We bring a scientific, empirical mind-set to investing. We act on evidence and strive to model and understand all aspects of the investment universe.
Technology is at the heart of everything we do at Man AHL.
State-of-the-art quantitative trading strategies necessitate state-of-the-art technology at all stages; from market data acquisition and initial research through to model implementation and trade execution.
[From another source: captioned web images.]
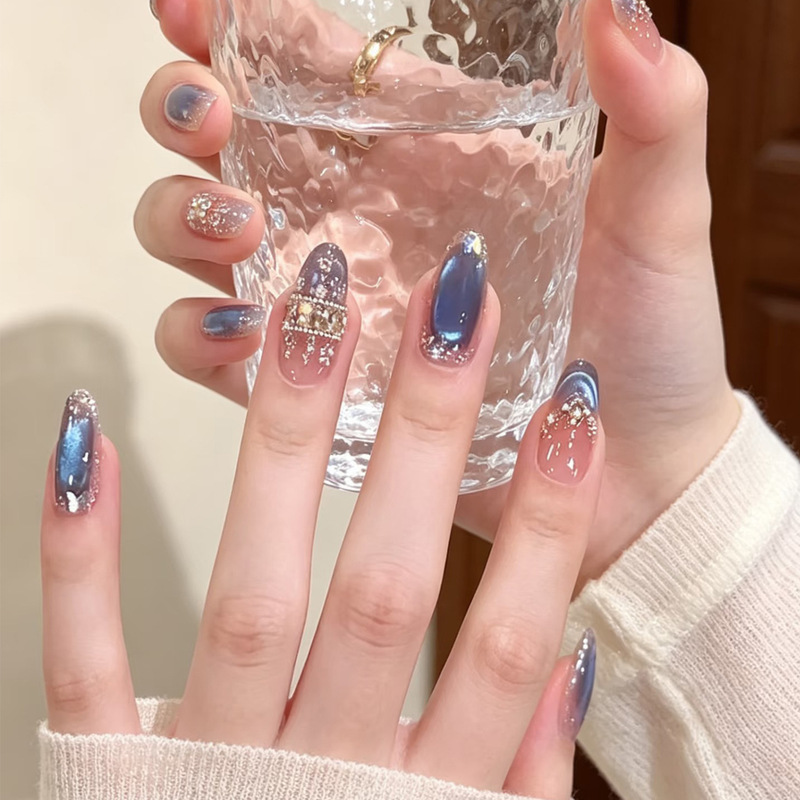 [Blue Heart] Explosive Blue Cat Eye Manicure, Mid-Length Style, High-End Look, Whitening Effect, Purely Handmade Wearable Nails, New Model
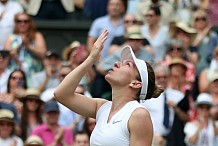 Wimbledon : Simona Halep rafle le trophée et prive Serena Williams d'un record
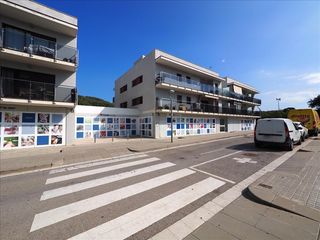 Car parking in De la bomba, 3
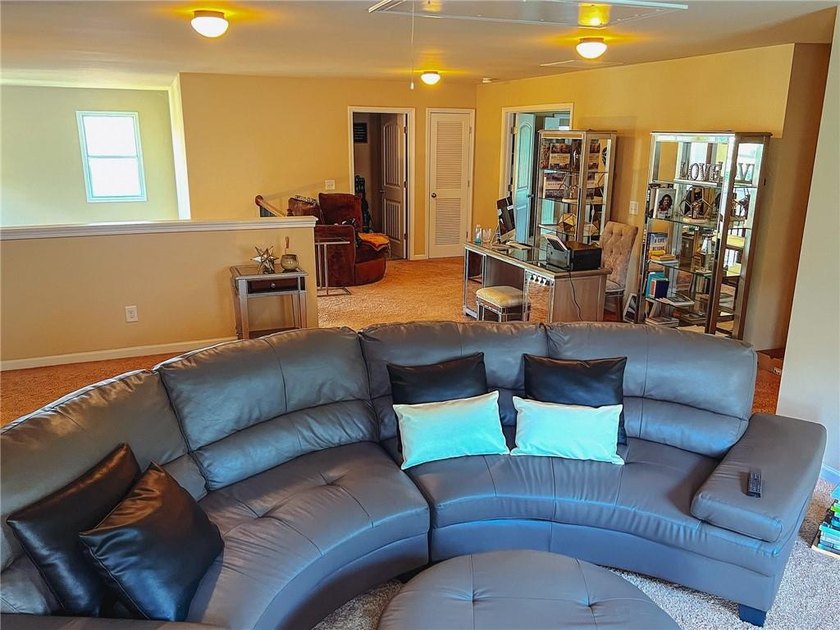 SELLER TO GIVE $7,500 TOWARDS YOUR CLOSING COSTS!! INSTANT - photo 38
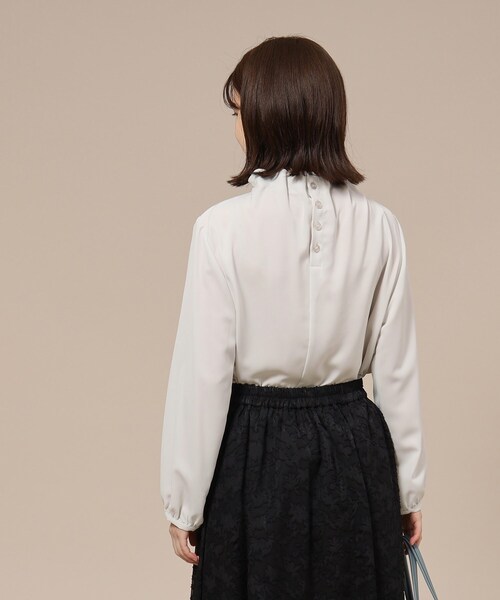 SHOO・LA・RUE（シューラルー）の「◆【S-3L/通勤/デイリー/セレモニーにも】フリルスタンドカラーブラウス【CIRCRIC】（シャツ/ブラウス・レディース・ベージュ系その他7/ブラック系3/ホワイト系6・02/05/03/01/04）」の15枚目の写真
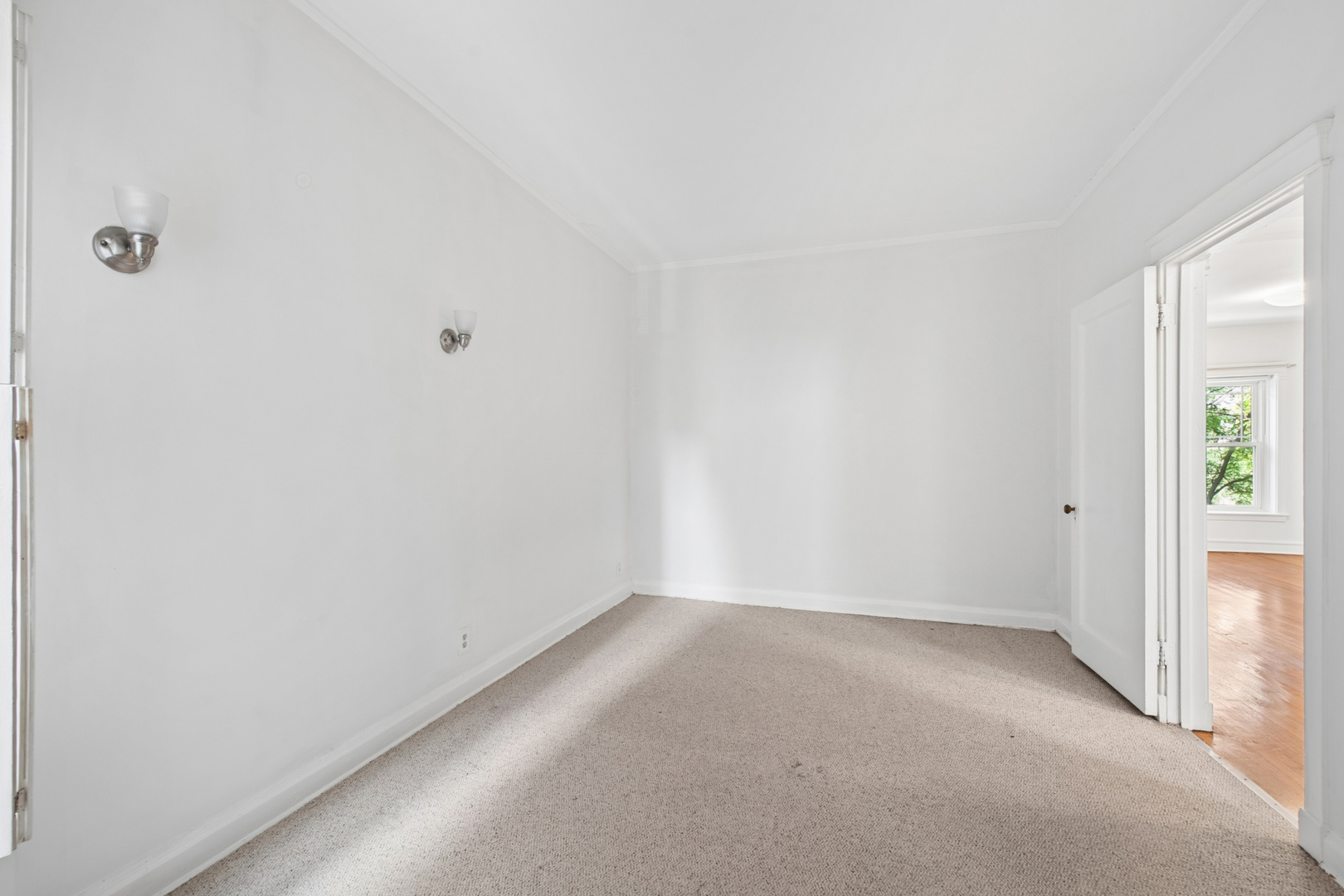 5715 S Blackstone Avenue Unit: 2S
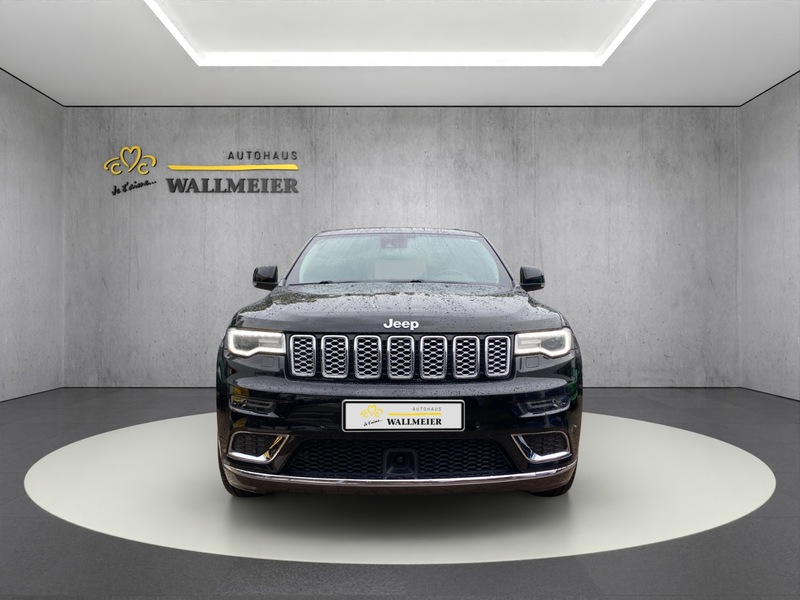 Fahrzeugabbildung Grand Cherokee Cherokee 3.0 CRD Summit Bild 2 von 15
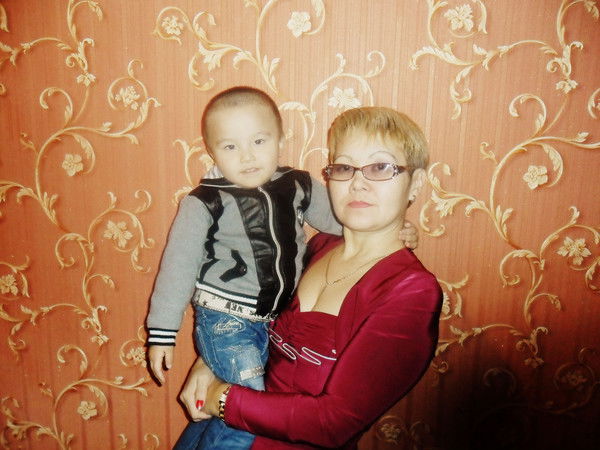 Оля Исаканова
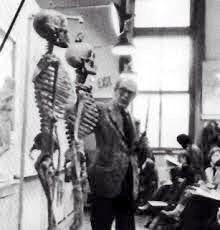 AmandaAlmon78's tweet photo. #AMI2014 Glen Hintz from RIT, gives a great figure drawing lesson and laughs http://t.co/wPwpwCjoOl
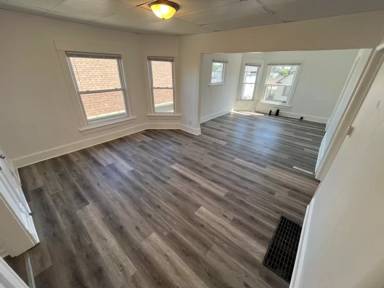 Main picture of 2408 W High St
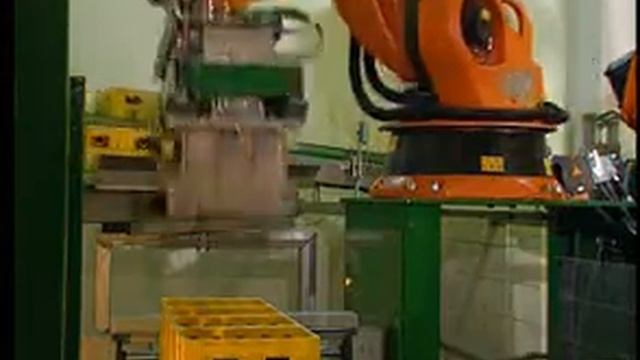 Стеклянные банки в ящиках смотреть онлайн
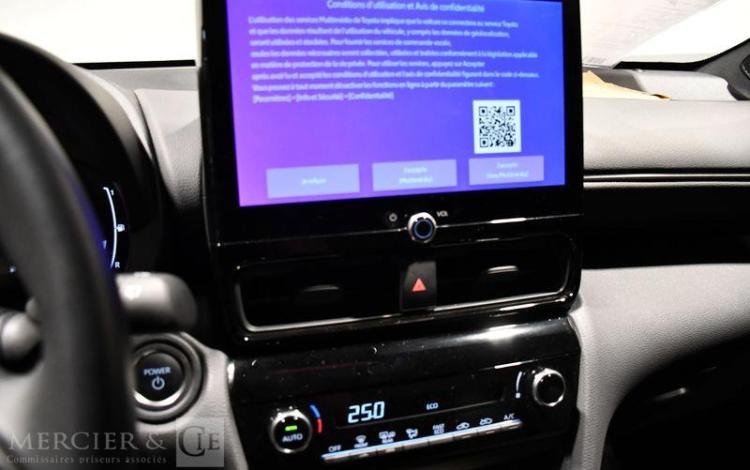 TOYOTA YARIS CROSS ROUGE GY-989-MR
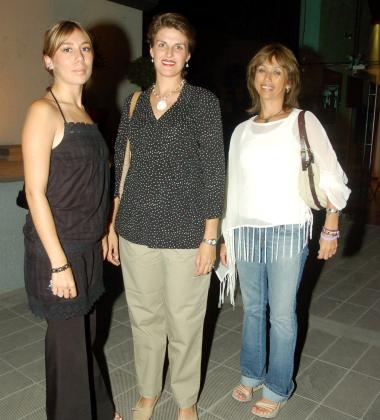 Sandra Calderón, Ángeles López de Calderón y Sandra Flores Castelo.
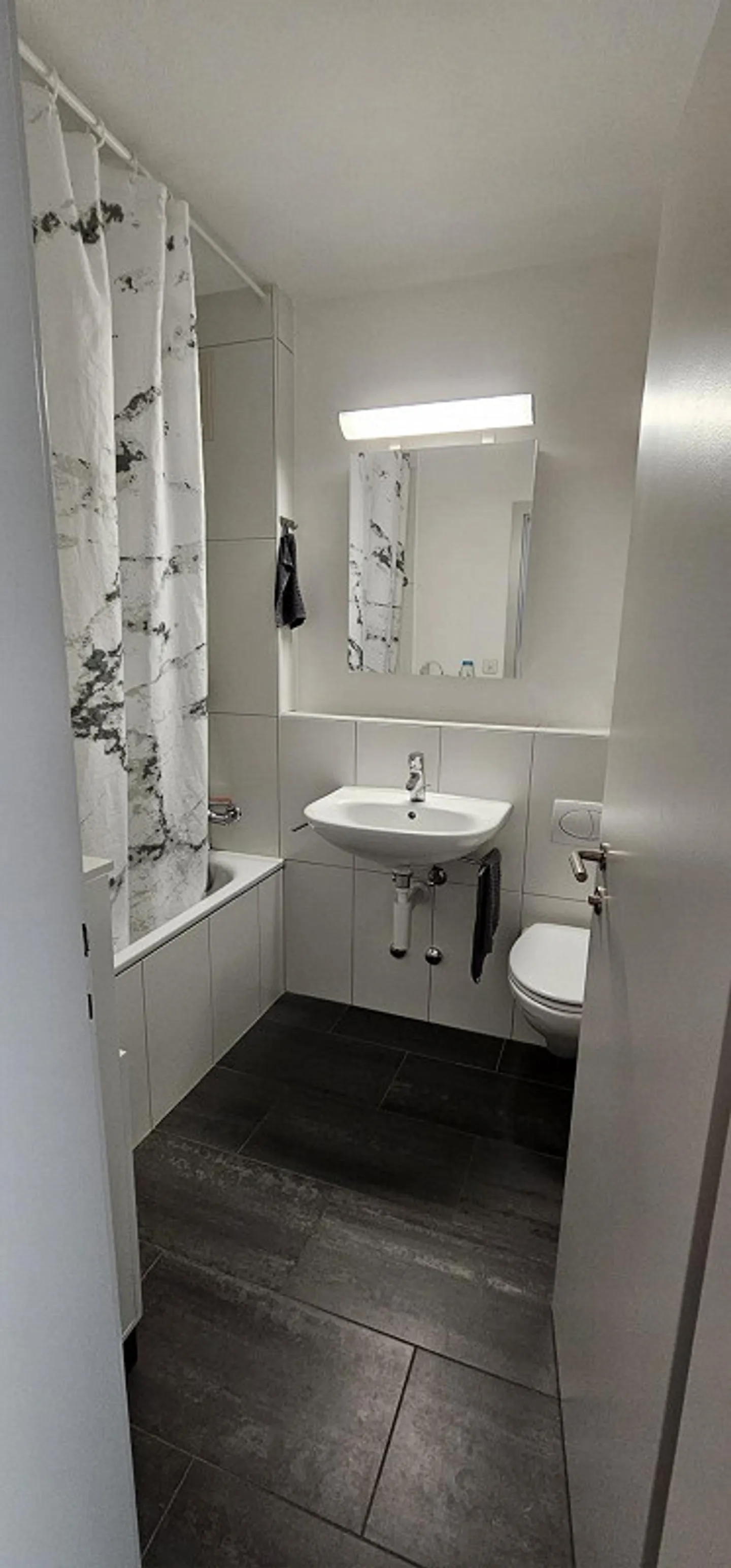 Attraktive, günstige Wohnung zu vermieten - Foto 4 von 9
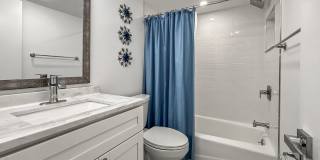 Fully Furnished Waterfront Community Condo in Isla Del Sol - 2bed | 2bath Gallery 18
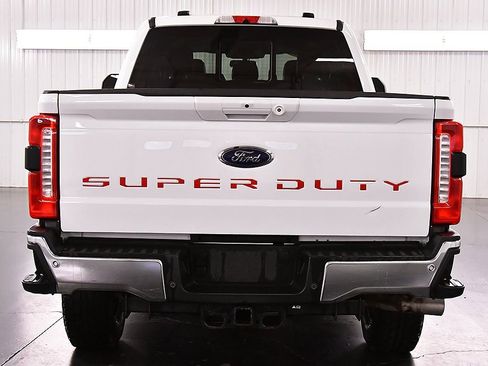 Used 2024 Ford F250 Lariat image 6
All of our production systems use Linux. We are heavy users of Python and its full scientific stack including numpy, scipy, pandas and scikit-learn.
While most of our codebase is written in pure Python, when we push the performance boundaries of Python we use Cython/C/C++ as required. We implement the systems that need the highest data throughput in Java.
Man AHL’s engineering culture is open and collaborative: we try to help and learn from one another. We have a flat hierarchy with a 'no-attitude` feel, where discussions are always about ideas and never about titles.
We hold monthly internal seminars, bi-annual “FedEx days” (where we take projects we’re passionate about from idea to completion in 24 hours). All technologists are encouraged to attend the major conferences on the topics they are passionate about, be it databases, programming languages, DevOps, OS's, or machine learning.
We don’t believe in any barrier between technology and the wider business. As such, technologists have opportunities to learn and contribute to all parts of the business. We have regular internal courses and seminars on research and finance topics. Technologists at Man AHL have researched, back tested and implemented profitable trading models.